Permita-me, antes de mais, que a felicite e, através da sua pessoa, todo o corpo docente, discente, investigadores e funcionários da Universidade, por mais este aniversário.

Permita-me ainda que destaque a sua liderança e o notável trabalho que tem vindo a realizar.

Tenho muito gosto, nesta sessão comemorativa dos 48 anos da Universidade dos Açores, de fazer umas breves reflexões sobre o papel da Universidade, como suporte e força motriz da Autonomia da Região Autónoma dos Açores.

Correndo o risco de dizer uma série de platitudes e lugares comuns, gostaria que as minhas reflexões não fossem meramente circunstanciais.

Permitam-me que, numa nota pessoal, refira que no ano que findou, fez 60 anos que terminei a minha licenciatura na Faculdade de Direito da Universidade de Lisboa.

Antes, portanto, da criação da Universidade dos Açores.

Foi o primeiro curso na nova faculdade na Cidade Universitária, acabada de construir, que abriu portas em 1958, tendo-me licenciado cinco anos depois, em 1963.

Embora fosse uma faculdade de prestígio, fundada nos primeiros anos do século XX, com instalações novas e funcionais para a época, não se respirava nem se sentia uma atmosfera de modernidade, aberta à mudança.

A sociedade era então muito diferente da atual. Só existiam no país duas faculdades de direito, a de Lisboa e a de Coimbra. Hoje existem 15 faculdades de direito em Portugal, para além de outras instituições dedicadas à criminologia e matérias congéneres.

As raparigas constituíam uma pequena minoria, não chegando talvez aos 10 por cento.  Nessa altura não tinham acesso à Magistratura, nem à Diplomacia, nem às Forças Armadas.

Hoje, têm acesso a todas as profissões e são uma maioria em praticamente todas as faculdades e desempenham um papel na economia e na sociedade, insubstituível.

A Faculdade de Direito, tal como a Universidade, caracterizava-se por um acentuado conservadorismo e por um entrincheirado corporativismo do seu corpo docente.

Era uma instituição, posso dizer, fechada, revelando um imobilismo, sintoma de um envelhecimento tendencialmente crónico.   

Diga-se de passagem, que tive excelentes professores, de elevado calibre intelectual.

Cito alguns nomes: Marcelo Caetano, Palma Carlos, Paulo Cunha, Cavaleiro Ferreira, Galvão Teles, Isabel Magalhães Colaço, Gomes da Silva.

Todos já nos deixaram. Pouco dirão os seus nomes a quem não esteja ligado ao Direito.
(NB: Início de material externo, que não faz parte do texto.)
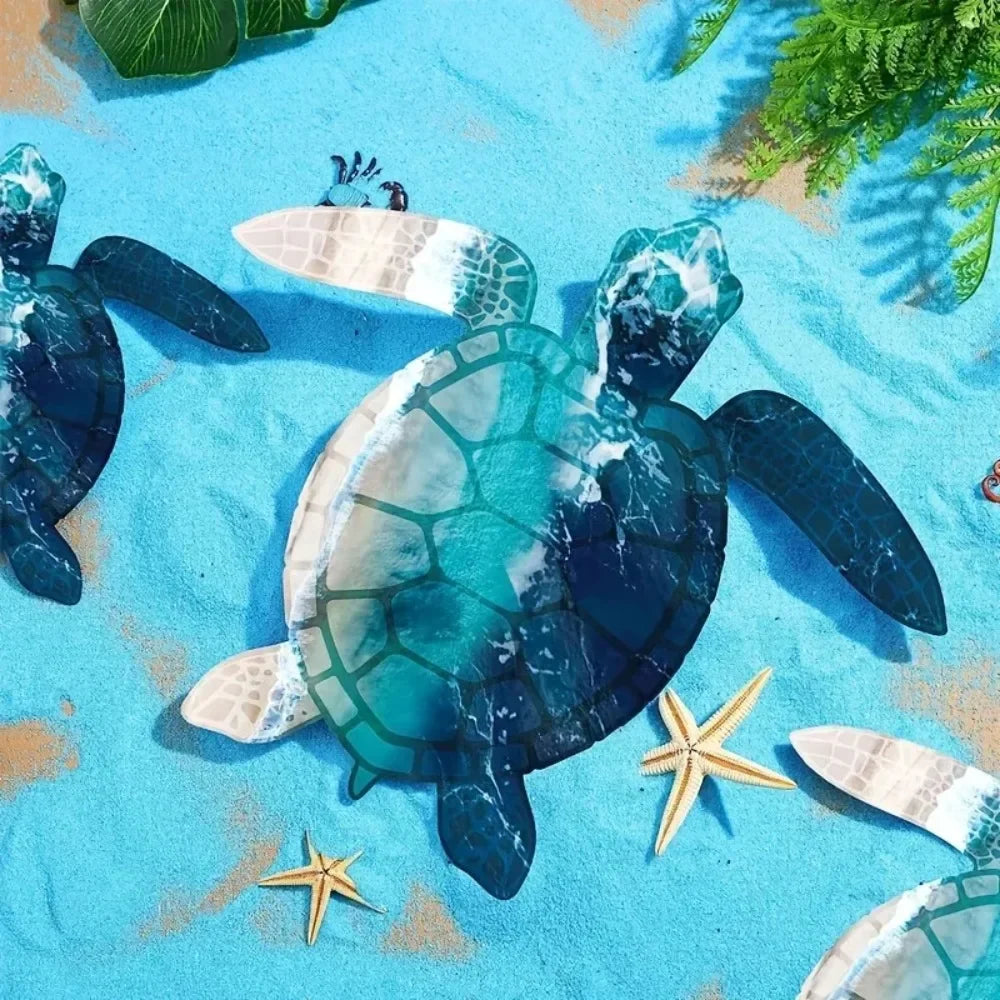 A blue and green turtle sculpture resting on a bright blue textured surface with green foliage in the background.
Mas todos eles, posso afirmar, foram eminentes juristas, conhecedores profundos das correntes jurídicas dos países mais avançados, autores de uma literatura do Direito de grande nível.

Mas incapazes de, por sua iniciativa, modernizarem a estrutura do ensino e de gerarem um impacto significativo na evolução da sociedade e de imprimirem um dinamismo de mudança e progresso.

A Universidade era uma instituição estática, em constante perigo de se tornar, cada vez mais, anacrónica, perante uma sociedade anémica e passiva. Rural e arcaica.

Hoje, vivemos numa sociedade completamente diferente, com um tecido social em permanente mutação, no plano nacional e no plano internacional.

 

O acesso à Universidade e o número de instituições universitárias foram alargados exponencialmente e a população que frequenta as universidades é 10 ou 20 vezes maior do que a que existia há 60 anos.

No ano académico de 2022/2023 foram inscritos 446.028 alunos, dos quais 204.672 do sexo masculino e 241.356 do sexo feminino.

Uma diferença abismal em relação ao meu tempo.

Os cursos sofreram alterações profundas e é hoje oferecida uma enorme diversidade de opções aos estudantes universitários, que não tem comparação com a de há 60 anos.

O número de professores, de assistentes, de doutorados é também imensamente superior e cresce todos os anos.

E o impacto das universidades na vida socioeconómica do país é igualmente imenso.

Trata-se de uma mudança radical, imposta pela evolução da sociedade, a qual, ao mesmo tempo, é influenciada e impulsionada pelo papel das universidades.

Este papel é fundamental para a construção do futuro da sociedade em que vivemos e merecedora da nossa particular atenção.

A sua contribuição para a formação dos jovens, apetrechando-os para o exercício das suas profissões é absolutamente decisiva para o grau de desenvolvimento da nossa comunidade.

Sem a transmissão de conhecimento e a formação de técnicos com as competências adequadas, as sociedades tenderiam a estiolar e a definhar-se.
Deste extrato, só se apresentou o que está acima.